Hubo allanamientos asimismo en los domicilios de otros dos personajes populares de la extrema derecha brasileña: el periodista Allan dos Santos, del blog Terça Livre (Martes Libre) y la ex militante feminista Sara Gironimi, que adoptó el nombre de Sara Winter a partir de una líder de la extrema derecha británica. Actualmente, Winter comanda un campamento en Brasilia llamado «300 de Brasil», que según ella se encarga de adoctrinar a la población contra el comunismo.
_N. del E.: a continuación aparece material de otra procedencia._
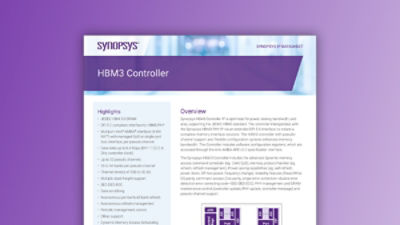 HBM3 Controller – Datasheet | Synopsys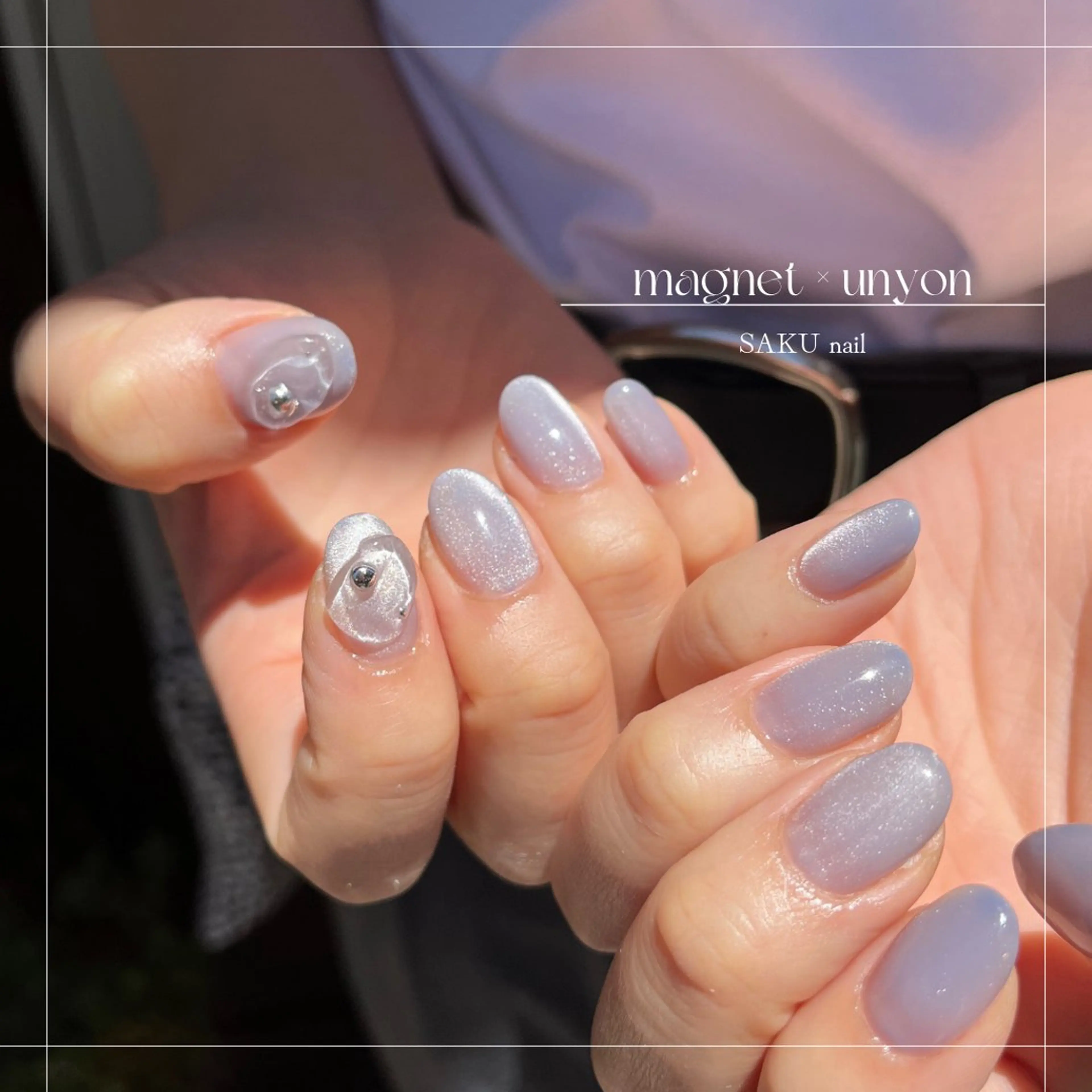 ネイル ニュアンスネイル シンプルネイル ハンドネイル SAKU  nail[サクネイル]所属・SAKU nail 作島茜のネイルデザイン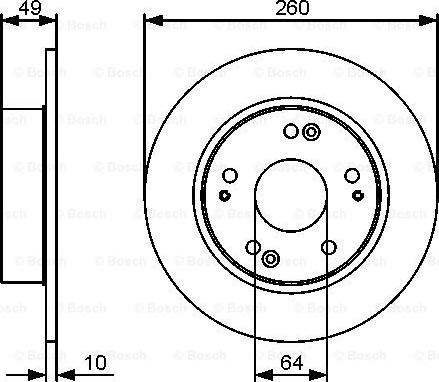 BOSCH 0 986 479 450 - Гальмівний диск autozip.com.ua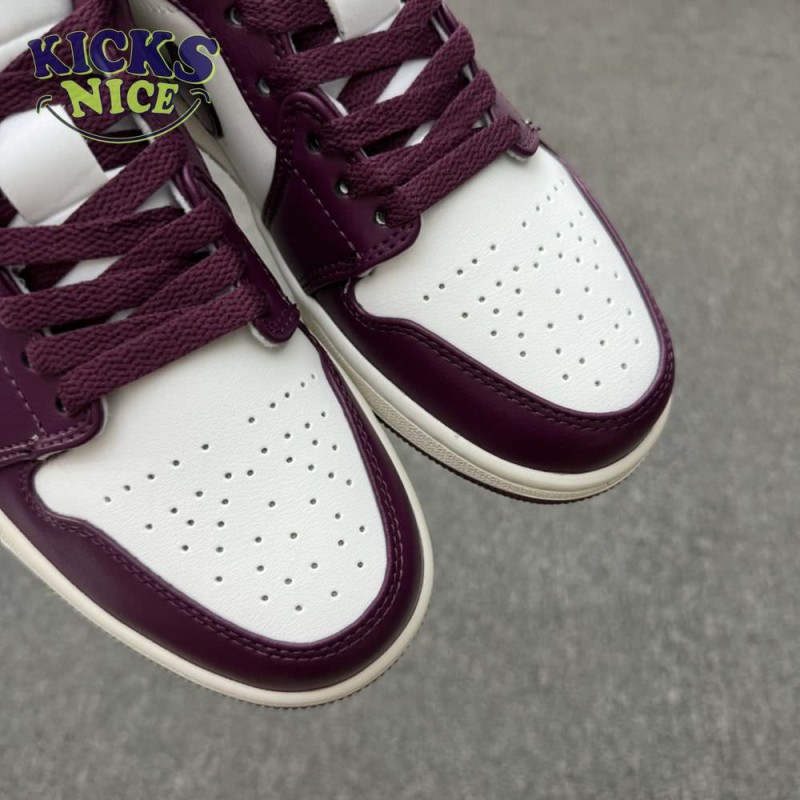 Jordan 1 Low Bordeaux DC0774-161 Unisex Size Jordan 1 Low Bordeaux DC0774-161 Unisex Size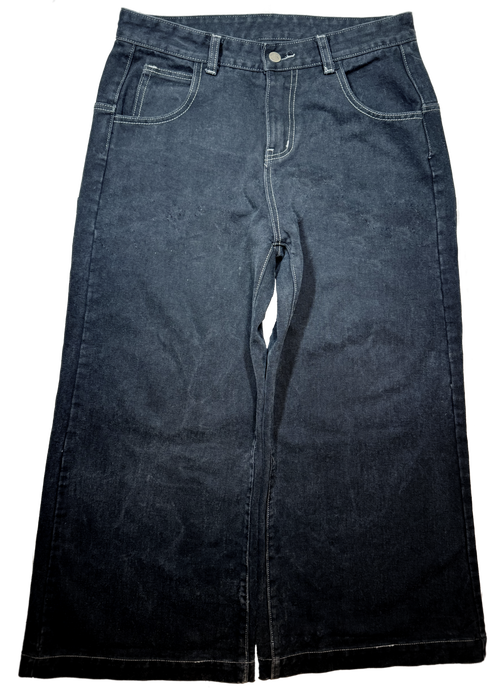 Black non embroidery jeans 32” opening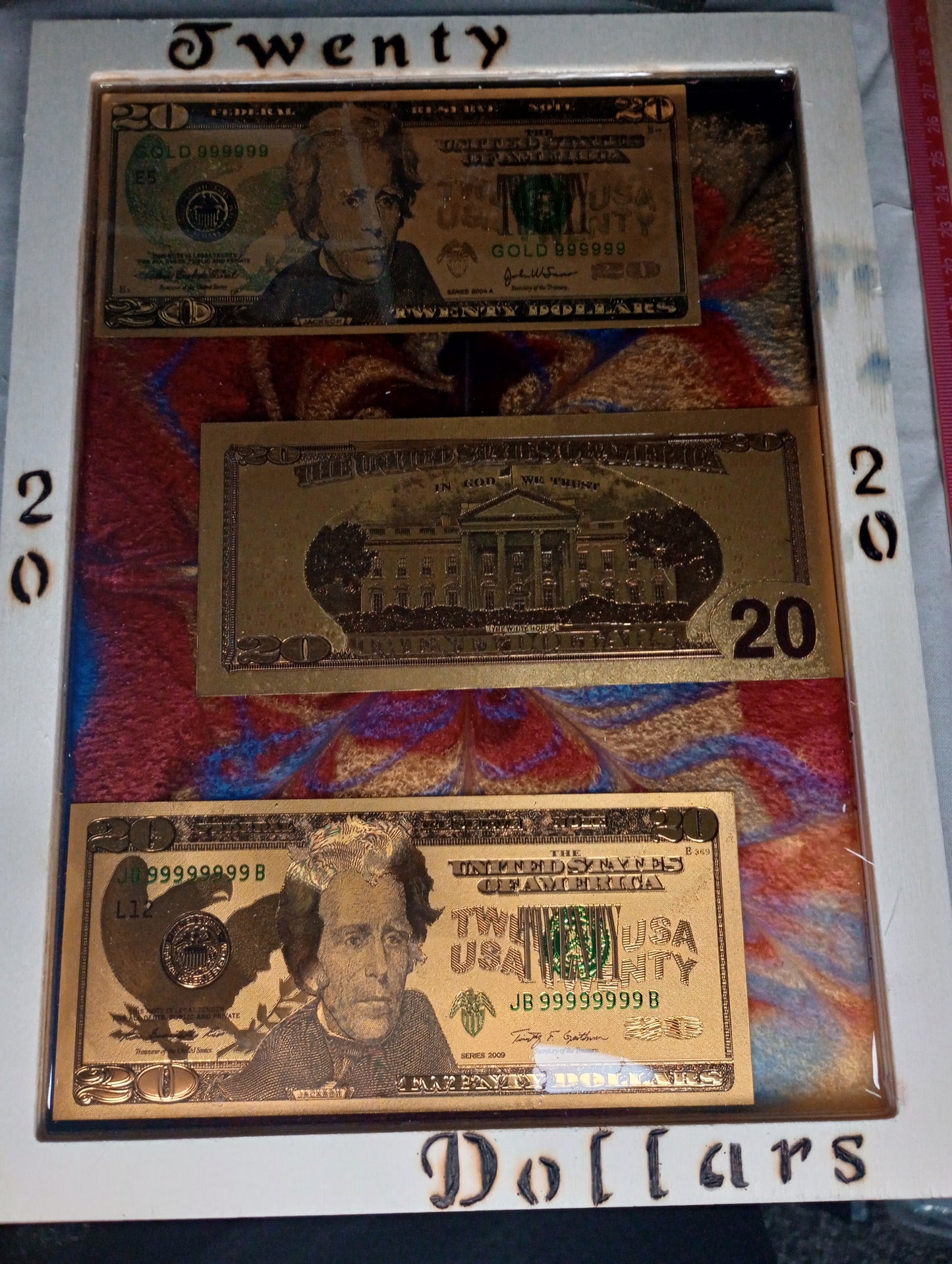 Dollar Bill Art Frames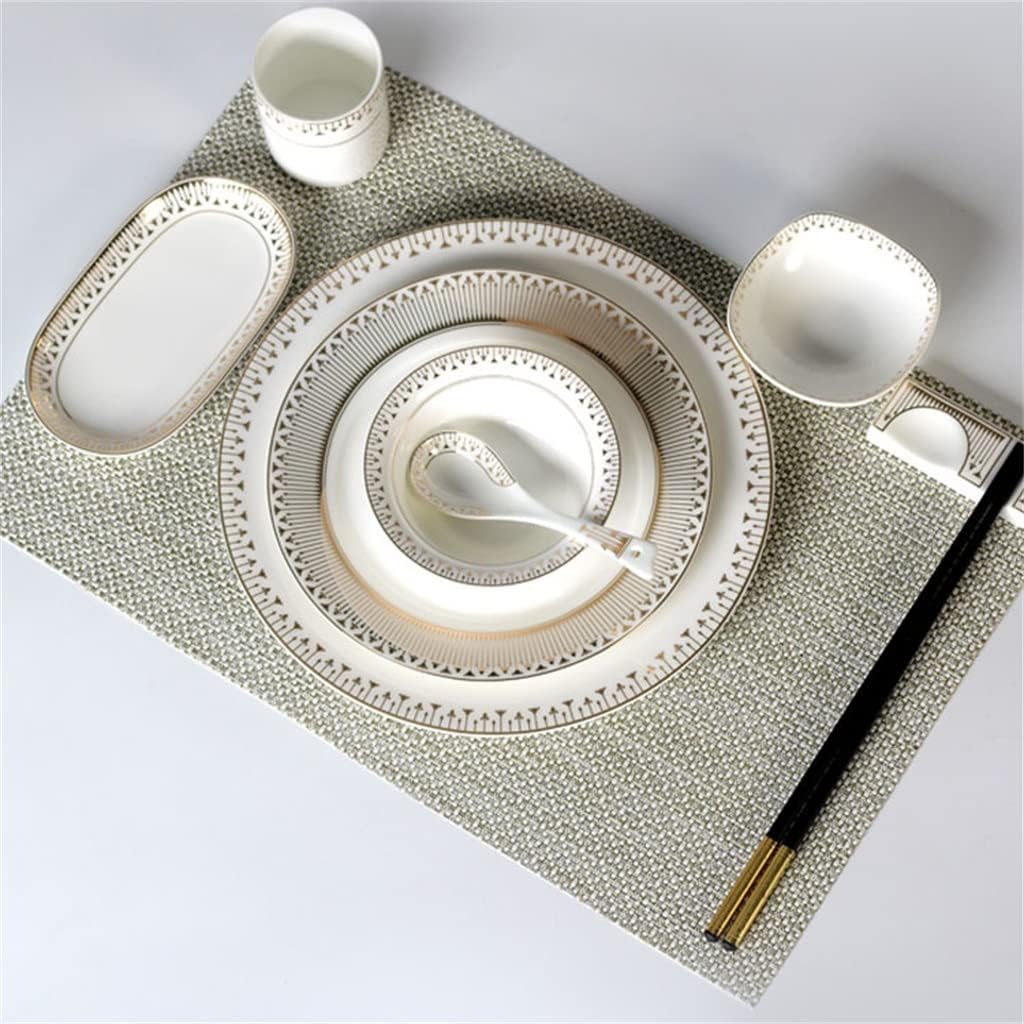 Combination Cutlery Kitchen Catering Utensils Bone Plate Dishes Restaurant Bowl Spoon Set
Esta joven de 27 años visita habitualmente al presidente Bolsonaro en la puerta del Palacio de la Alvorada, informó Página 12.

En el marco del operativo, De Moraes, uno de los once magistrados de la Corte, ordenó además que la Policía Federal tome declaración el próximo martes al ministro de Educación, Abraham Weintraub, para que explique algunos comentarios ofensivos pronunciados contra ese tribunal.

Weintraub, en una reunión ministerial cuyo contenido fue revelado por orden judicial en el marco de una investigación por sospechas de posibles “interferencias ilegales” de Bolsonaro en la Policía Federal, se pronunció duramente contra la Corte Suprema: “Por mí, pondría a todos los vagabundos en la cárcel, empezando por el STF”, habría dicho el ministro. Según De Moraes, esa declaración es “gravísima” y debe ser esclarecido en qué contexto fue insertada por el ministro: hay, como mínimo, indicios de delitos de difamación e injuria.